A third-generation weaver, Irene is the youngest of eight children. Her sisters and mother, Maria Bawer, continue to develop the craft and train younger girls in the village. 15 families now work with Irene, weaving cloth for her collections. She communicates her ideas to the girls, who follow instructions for patterns and colours for the warp and weft. The designs live in her mind, they’re never put down on paper.

Strikingly beautiful, Irene’s arms are intricately tattooed, from shoulder to wrist. Tattoo body art has always existed in the community. “It's the highest expression of being a Kalinga woman,” Irene explains defiantly.
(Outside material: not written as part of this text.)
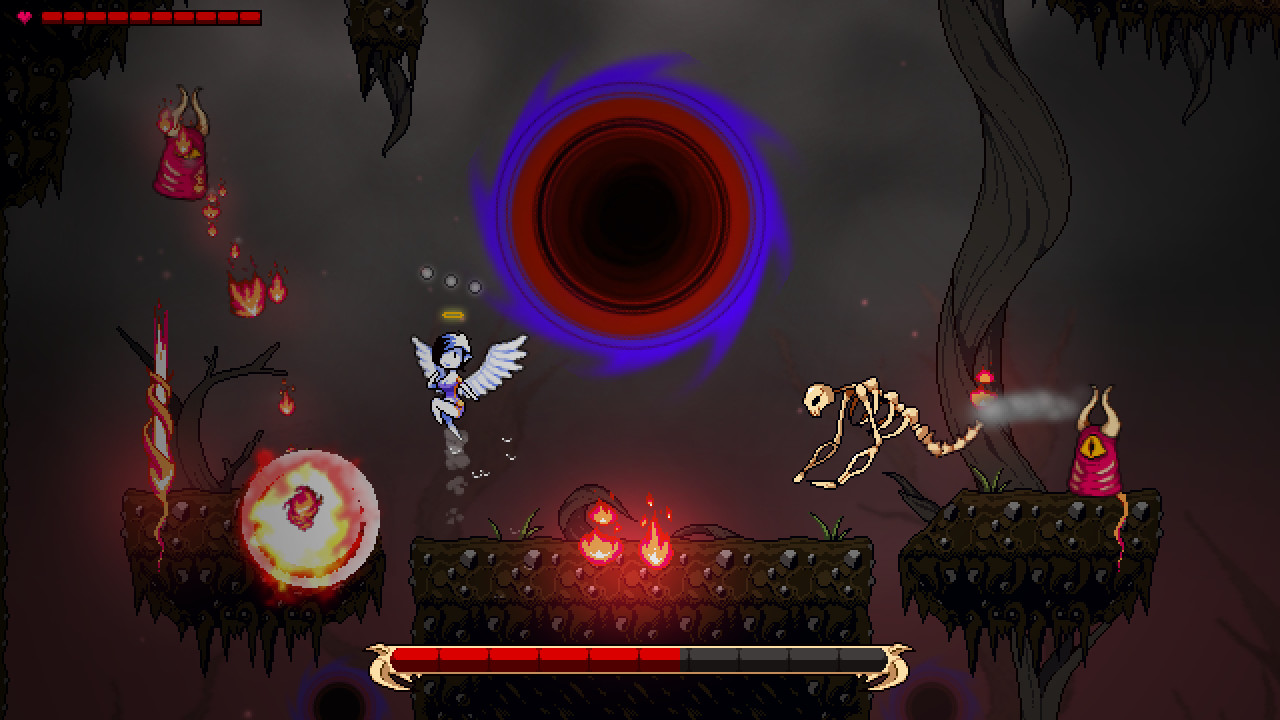 Wings of Vi screenshot 7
And while it’s commonplace today not to get tattooed, it felt important for Irene to connect with her ancestry. Whang-od, famously coined ‘the oldest Kalinga tattoo artist’, is now in her 90s. She produced Irene’s body art using the ancient, arduous method of piercing and inking the skin with a thorn.

Bawer-Bimuyag created a textile series dedicated to tattoos. She embroidered patterns, which all hold cultural significance for Kalinga people, onto the cloth, from the geometric designs of a rice bundle and a hexagonal turtle’s back to the outline of a python.

The Philippines is formed of more than 7,000 islands. Over 100 indigenous communities live across the archipelago, each with a distinct dialect and textile heritage. Habi The Philippines Textile Council and its annual Manila-based Habi Fair, supports and promotes indigenous weavers and has helped hand-woven textiles to find value and prominence again. There has also been a growing interest from Filipino people to connect with their pre-colonial culture and textiles are so central to this history.  

 Irene has built a strong client base of collectors through Habi. The Council also aims to extend the production and supply of locally grown cotton to weavers. In Kalinga Province, they would once have woven with cotton and naturally dyed thread, but as cotton farming died out, and imported cotton became expensive, it was replaced by chemically dyed rayon. Though Irene hopes to weave in pure cotton once again.

In just a generation or two, life for the Kalinga community has changed beyond recognition. They wear western dress in everyday life, and Mabilong village continues to sustain itself through weaving only for festivals and ceremonies, alongside rice farming. But hand-weaving is being appreciated by new generations in the Philippines, which will help to sustain the practice. And creative mavericks like Irene Bawer-Bimuyag, demonstrate that it’s possible to reinvent tradition.